The gig economy has become a significant part of the modern workforce, with many individuals turning to platforms like JustAnswer to earn income by answering questions and providing services. However, as the gig economy has grown, so too have concerns about tax compliance issues. In a recent development, the Internal Revenue Service (IRS) has received authorization from a federal court to gather information from JustAnswer LLC about U.S. taxpayers who received compensation through the platform.
California federal District Court Judge Dolly Gee approved the agency’s request for a John Doe summons, which allows the IRS to seek information about individuals whom the government has not already identified by name or other means. The summons specifically targets individuals who received $5,000 or more for answering questions on the JustAnswer platform in any one year from 2017 through 2020. This move signals a potential crackdown on gig workers who may not be properly reporting their income and paying taxes.
Deputy Assistant Attorney General David Hubbert emphasized the importance of tax compliance in the gig economy, stating that the IRS will use all available tools to ensure that taxpayers are reporting their income accurately. The John Doe summons serves as a warning to gig workers that they must be aware of and abide by their tax obligations, regardless of how they earn income.

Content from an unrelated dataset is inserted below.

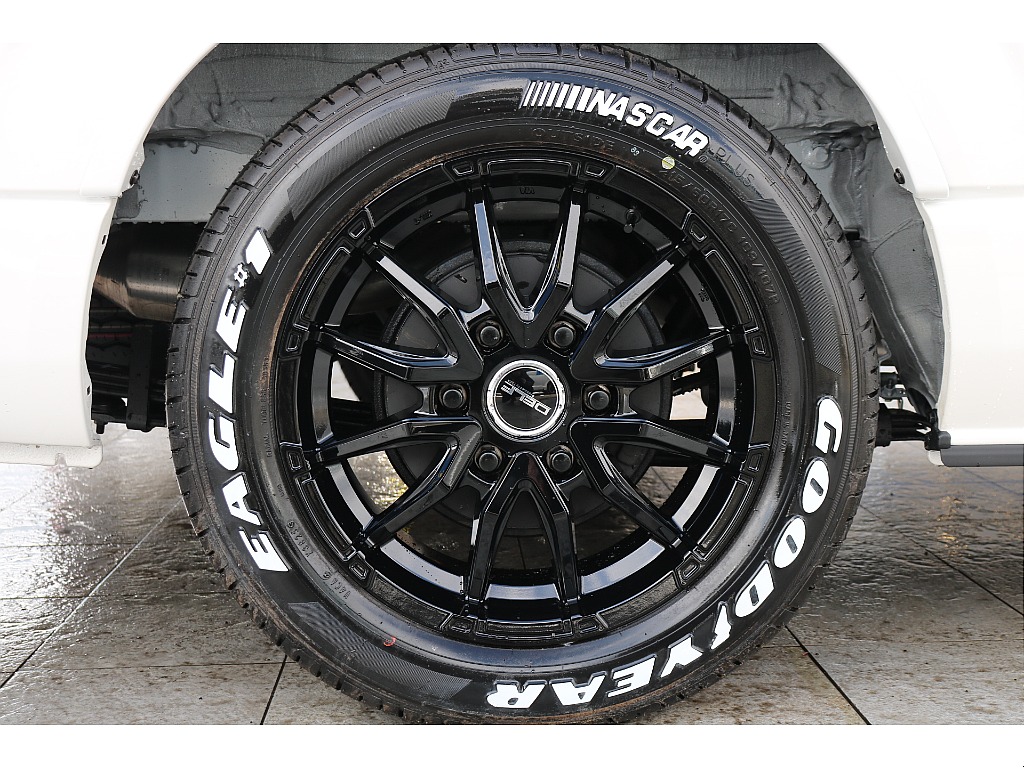 DELF06 17インチアルミ、グッドイヤーナスカータイヤ！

While JustAnswer has not yet commented on the situation, the IRS’s actions may have broader implications for other gig-working platforms. The press release mentioned several other platforms, including Airbnb, Uber, Lyft, DoorDash, and Etsy, suggesting that similar measures could be taken in the future.
In November, the IRS issued new guidance to gig work platforms, instructing them to report information to the agency about taxpayers who earned more than $5,000 in 2024, more than $2,500 in 2025, and more than $600 in 2026 and beyond. These new thresholds are designed to make it more difficult for gig workers to evade taxes on their income, as platforms were previously only required to report information for workers who earned more than $20,000 and completed at least 200 transactions.
IRS Commissioner Danny Werfel emphasized the importance of all taxpayers, including those in the gig economy, paying their fair share of taxes. The increased scrutiny on gig workers reflects a broader trend of cracking down on tax evasion and ensuring that individuals are fulfilling their tax obligations. As the gig economy continues to evolve, it is essential for workers to stay informed about their tax responsibilities and comply with IRS regulations to avoid potential legal consequences.